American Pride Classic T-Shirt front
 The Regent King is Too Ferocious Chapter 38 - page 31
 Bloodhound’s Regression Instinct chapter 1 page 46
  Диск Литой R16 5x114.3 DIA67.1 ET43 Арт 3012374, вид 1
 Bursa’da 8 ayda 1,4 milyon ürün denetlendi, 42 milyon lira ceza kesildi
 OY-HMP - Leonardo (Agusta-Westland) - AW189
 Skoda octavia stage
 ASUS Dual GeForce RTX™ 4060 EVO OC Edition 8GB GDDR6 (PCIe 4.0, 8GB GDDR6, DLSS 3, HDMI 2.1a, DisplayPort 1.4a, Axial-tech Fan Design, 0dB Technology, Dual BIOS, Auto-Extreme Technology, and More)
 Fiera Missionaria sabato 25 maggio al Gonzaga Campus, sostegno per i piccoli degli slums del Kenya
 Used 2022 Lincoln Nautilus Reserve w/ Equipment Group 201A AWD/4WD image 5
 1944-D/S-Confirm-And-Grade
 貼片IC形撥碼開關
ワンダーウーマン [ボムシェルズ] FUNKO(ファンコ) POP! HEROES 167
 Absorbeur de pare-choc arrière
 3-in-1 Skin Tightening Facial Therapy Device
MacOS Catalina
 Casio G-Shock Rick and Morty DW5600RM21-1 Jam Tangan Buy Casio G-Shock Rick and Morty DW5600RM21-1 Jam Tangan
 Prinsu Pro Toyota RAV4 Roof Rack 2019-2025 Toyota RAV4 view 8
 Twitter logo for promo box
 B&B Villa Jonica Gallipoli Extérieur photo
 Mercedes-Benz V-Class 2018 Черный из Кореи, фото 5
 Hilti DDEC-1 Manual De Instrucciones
::::::
Problem to work on:
Every line above must be repeated exactly as it appears.

Output for this task:
American Pride Classic T-Shirt front
 The Regent King is Too Ferocious Chapter 38 - page 31
 Bloodhound’s Regression Instinct chapter 1 page 46
  Диск Литой R16 5x114.3 DIA67.1 ET43 Арт 3012374, вид 1
 Bursa’da 8 ayda 1,4 milyon ürün denetlendi, 42 milyon lira ceza kesildi
 OY-HMP - Leonardo (Agusta-Westland) - AW189
 Skoda octavia stage
 ASUS Dual GeForce RTX™ 4060 EVO OC Edition 8GB GDDR6 (PCIe 4.0, 8GB GDDR6, DLSS 3, HDMI 2.1a, DisplayPort 1.4a, Axial-tech Fan Design, 0dB Technology, Dual BIOS, Auto-Extreme Technology, and More)
 Fiera Missionaria sabato 25 maggio al Gonzaga Campus, sostegno per i piccoli degli slums del Kenya
 Used 2022 Lincoln Nautilus Reserve w/ Equipment Group 201A AWD/4WD image 5
 1944-D/S-Confirm-And-Grade
 貼片IC形撥碼開關
ワンダーウーマン [ボムシェルズ] FUNKO(ファンコ) POP! HEROES 167
 Absorbeur de pare-choc arrière
 3-in-1 Skin Tightening Facial Therapy Device
MacOS Catalina
 Casio G-Shock Rick and Morty DW5600RM21-1 Jam Tangan Buy Casio G-Shock Rick and Morty DW5600RM21-1 Jam Tangan
 Prinsu Pro Toyota RAV4 Roof Rack 2019-2025 Toyota RAV4 view 8
 Twitter logo for promo box
 B&B Villa Jonica Gallipoli Extérieur photo
 Mercedes-Benz V-Class 2018 Черный из Кореи, фото 5
 Hilti DDEC-1 Manual De Instrucciones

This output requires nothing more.